== MATERIAL PROVIDED

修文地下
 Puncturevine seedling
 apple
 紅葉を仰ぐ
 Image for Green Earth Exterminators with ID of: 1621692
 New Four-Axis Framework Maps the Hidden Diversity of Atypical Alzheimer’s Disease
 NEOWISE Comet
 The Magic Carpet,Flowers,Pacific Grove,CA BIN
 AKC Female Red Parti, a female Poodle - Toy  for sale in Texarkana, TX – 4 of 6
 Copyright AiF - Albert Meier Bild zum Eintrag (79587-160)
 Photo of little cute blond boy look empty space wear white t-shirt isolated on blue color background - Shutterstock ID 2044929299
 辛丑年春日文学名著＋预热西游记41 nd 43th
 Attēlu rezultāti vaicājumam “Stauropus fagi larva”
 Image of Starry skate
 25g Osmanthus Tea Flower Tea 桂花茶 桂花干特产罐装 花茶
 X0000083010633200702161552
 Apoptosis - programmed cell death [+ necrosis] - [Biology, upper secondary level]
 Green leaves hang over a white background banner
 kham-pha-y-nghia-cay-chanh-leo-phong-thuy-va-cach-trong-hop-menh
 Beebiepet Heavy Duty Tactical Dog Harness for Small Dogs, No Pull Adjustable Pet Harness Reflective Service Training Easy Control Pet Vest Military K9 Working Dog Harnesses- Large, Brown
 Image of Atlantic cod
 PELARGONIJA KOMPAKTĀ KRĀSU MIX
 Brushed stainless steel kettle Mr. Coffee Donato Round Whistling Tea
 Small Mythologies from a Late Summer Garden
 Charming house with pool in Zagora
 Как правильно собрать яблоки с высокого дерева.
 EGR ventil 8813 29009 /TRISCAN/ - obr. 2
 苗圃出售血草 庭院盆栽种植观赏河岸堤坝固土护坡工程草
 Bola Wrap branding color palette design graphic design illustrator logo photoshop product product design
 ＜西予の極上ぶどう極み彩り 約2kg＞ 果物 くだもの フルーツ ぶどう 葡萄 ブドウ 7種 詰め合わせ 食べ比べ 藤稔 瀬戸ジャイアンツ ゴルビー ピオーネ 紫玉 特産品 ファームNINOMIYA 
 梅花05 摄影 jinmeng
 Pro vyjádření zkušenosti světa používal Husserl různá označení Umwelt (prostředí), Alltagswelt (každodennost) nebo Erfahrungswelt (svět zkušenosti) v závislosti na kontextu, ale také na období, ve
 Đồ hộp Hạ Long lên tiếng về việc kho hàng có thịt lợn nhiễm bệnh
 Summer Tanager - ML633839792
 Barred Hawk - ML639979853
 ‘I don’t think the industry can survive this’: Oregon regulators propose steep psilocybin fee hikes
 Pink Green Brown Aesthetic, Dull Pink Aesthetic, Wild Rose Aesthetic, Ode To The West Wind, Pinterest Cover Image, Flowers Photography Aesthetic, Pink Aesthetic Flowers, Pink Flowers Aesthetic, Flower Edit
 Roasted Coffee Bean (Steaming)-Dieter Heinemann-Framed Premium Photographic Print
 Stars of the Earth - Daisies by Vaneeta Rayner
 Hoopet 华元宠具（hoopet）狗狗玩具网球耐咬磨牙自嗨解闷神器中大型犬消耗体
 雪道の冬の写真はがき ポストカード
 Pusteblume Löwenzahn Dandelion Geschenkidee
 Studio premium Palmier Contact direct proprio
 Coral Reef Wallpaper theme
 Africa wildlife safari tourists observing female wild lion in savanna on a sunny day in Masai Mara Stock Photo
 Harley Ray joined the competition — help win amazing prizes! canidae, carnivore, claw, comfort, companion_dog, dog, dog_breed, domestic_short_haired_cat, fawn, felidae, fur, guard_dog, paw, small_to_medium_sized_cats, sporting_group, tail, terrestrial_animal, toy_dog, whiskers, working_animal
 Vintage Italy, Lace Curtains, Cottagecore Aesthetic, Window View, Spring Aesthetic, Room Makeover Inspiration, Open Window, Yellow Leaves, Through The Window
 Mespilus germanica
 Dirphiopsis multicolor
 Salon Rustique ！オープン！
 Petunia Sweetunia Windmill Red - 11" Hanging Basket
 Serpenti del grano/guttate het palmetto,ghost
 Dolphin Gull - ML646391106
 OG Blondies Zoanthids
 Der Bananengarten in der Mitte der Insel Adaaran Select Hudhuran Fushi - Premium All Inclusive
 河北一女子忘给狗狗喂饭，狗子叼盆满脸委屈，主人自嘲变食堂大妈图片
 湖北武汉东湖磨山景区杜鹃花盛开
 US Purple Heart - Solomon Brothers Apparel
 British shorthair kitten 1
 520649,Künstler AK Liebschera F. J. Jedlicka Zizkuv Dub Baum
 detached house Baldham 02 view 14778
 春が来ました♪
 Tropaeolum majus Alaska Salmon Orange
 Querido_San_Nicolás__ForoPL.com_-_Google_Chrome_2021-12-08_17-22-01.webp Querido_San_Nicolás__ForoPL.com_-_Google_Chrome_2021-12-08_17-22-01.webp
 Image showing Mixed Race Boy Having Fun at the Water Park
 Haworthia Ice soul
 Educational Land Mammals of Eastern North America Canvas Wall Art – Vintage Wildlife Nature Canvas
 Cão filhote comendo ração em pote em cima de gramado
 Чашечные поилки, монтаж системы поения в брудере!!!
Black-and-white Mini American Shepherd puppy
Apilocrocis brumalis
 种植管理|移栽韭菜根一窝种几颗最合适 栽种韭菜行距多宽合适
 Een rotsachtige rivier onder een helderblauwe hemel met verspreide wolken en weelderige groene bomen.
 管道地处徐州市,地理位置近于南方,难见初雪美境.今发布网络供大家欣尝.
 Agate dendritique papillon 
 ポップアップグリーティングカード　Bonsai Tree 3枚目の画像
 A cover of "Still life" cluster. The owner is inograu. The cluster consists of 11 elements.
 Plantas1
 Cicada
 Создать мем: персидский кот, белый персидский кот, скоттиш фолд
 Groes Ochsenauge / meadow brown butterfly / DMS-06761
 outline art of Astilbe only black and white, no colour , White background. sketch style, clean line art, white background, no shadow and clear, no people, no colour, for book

====

Find each line above that contains "Vintage", and copy those lines.

 Vintage Italy, Lace Curtains, Cottagecore Aesthetic, Window View, Spring Aesthetic, Room Makeover Inspiration, Open Window, Yellow Leaves, Through The Window
 Educational Land Mammals of Eastern North America Canvas Wall Art – Vintage Wildlife Nature Canvas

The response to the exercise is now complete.